Mayor Terry Ungricht wrote in a memo to the Falls City City Council that at the time they were installed, the council believed they would be required by law.
They were installed on each hookup in the city, but as it turns out, regulations didn’t require them. Ungricht said now that they are installed, the city has an obligation to test them yearly.
In 2013, the city approved a contract to have them tested. Under the contract, testing was paid for, not replacement if the devices failed. That is the responsibility of the customer. To pay for the contract, the city added a $2.25 per account charge.
With the inspection fees expiring in June 2018, the city decided to look at different ways to handle the backflow device issue. Three options were presented to the city’s Public Work Committee.
The first was to pull the devices when they failed.
“The purpose of the backflow device is to prevent contamination to the system, but also protects when there is a water loss in the system,” Ungricht noted in the memo. “If the line that services the pressure to your house fails, it would drain the water out of your pipes and have a big chance of burning out your water heater.”

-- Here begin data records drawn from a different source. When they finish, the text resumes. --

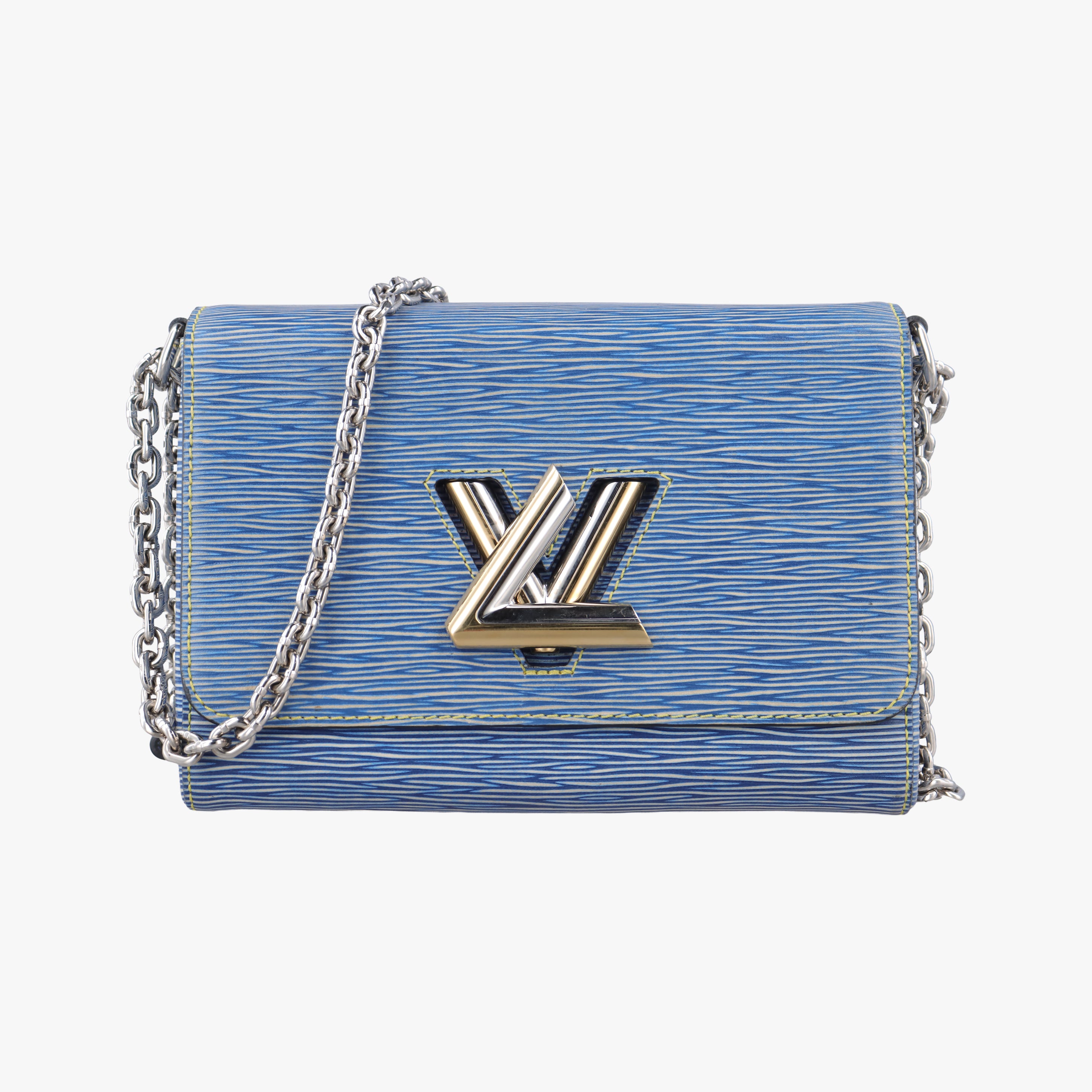 Pre-owned Louis Vuitton Portefeuille Twist Denim blue Epi M61036 shoulderbag | stylenewstar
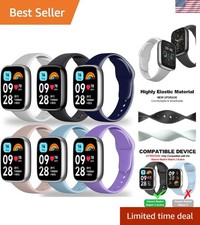 6-Pack Soft Sporty Bands for Redmi Watch 3 - Adjustable Breathable Straps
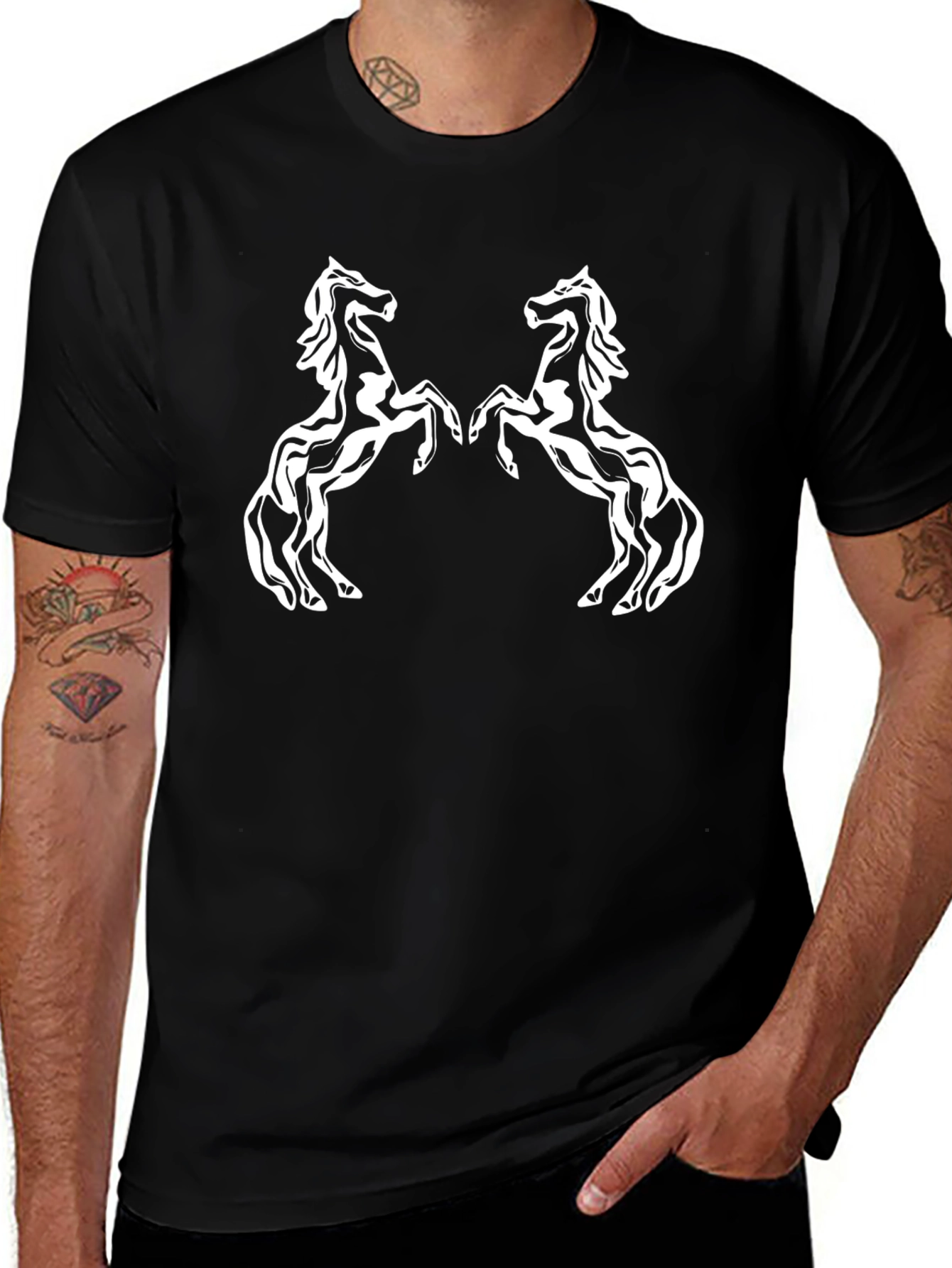 Black T-Shirt with White Horse Design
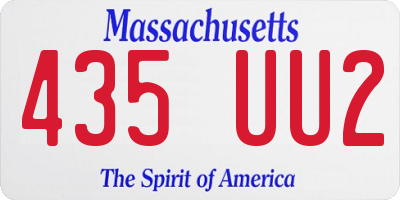 MA license plate 435UU2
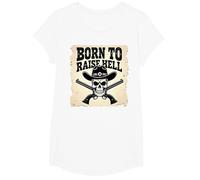 Né pour semer l'enfer : Cowboy Skull Outlaw Rebel Attitude T-Shirt, Fille, Blanc, L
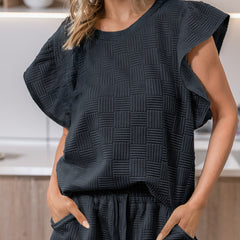 Solid Color Ruffle Sleeve Casual Suit Women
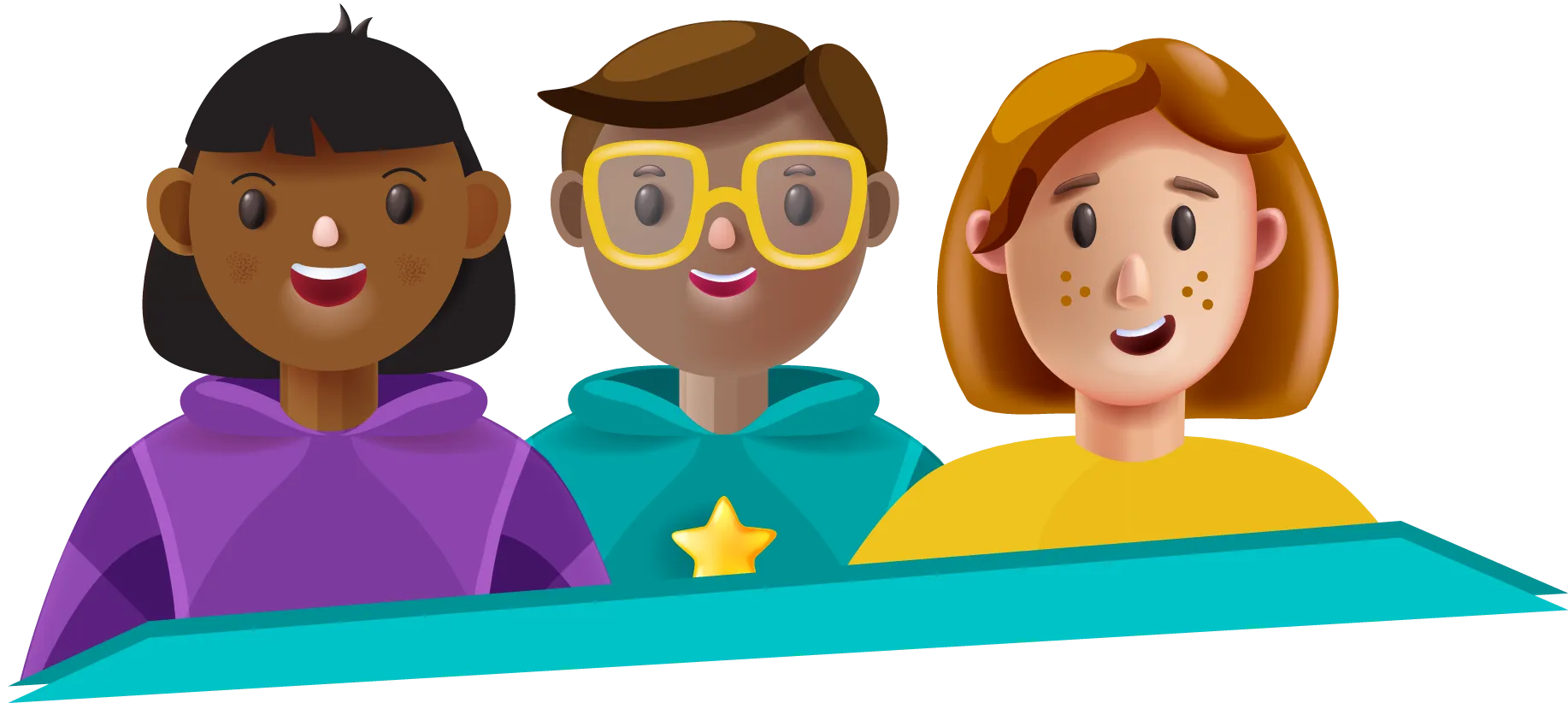 Trois personnages animés alignés côte à côte.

The committee decided that wasn’t an acceptable option.
The second option was to add another maintenance fee for the devices.
The third is to have the city take ownership of the backflow devices, drop the $2.25 fee for the testing contract, but add $4 to the base rate to cover the cost of testing and replacing units that fail.
The committee recommended the third option, and the city council approved the change at its Oct. 12 meeting.
According to the city’s testing contractor, about 20 devices may need to be replaced. Ungricht said that would cost customers about $250 for the device, plus the cost of having a plumber install it.
“This could create a real hardship for some of our utility customers,” Ungricht said.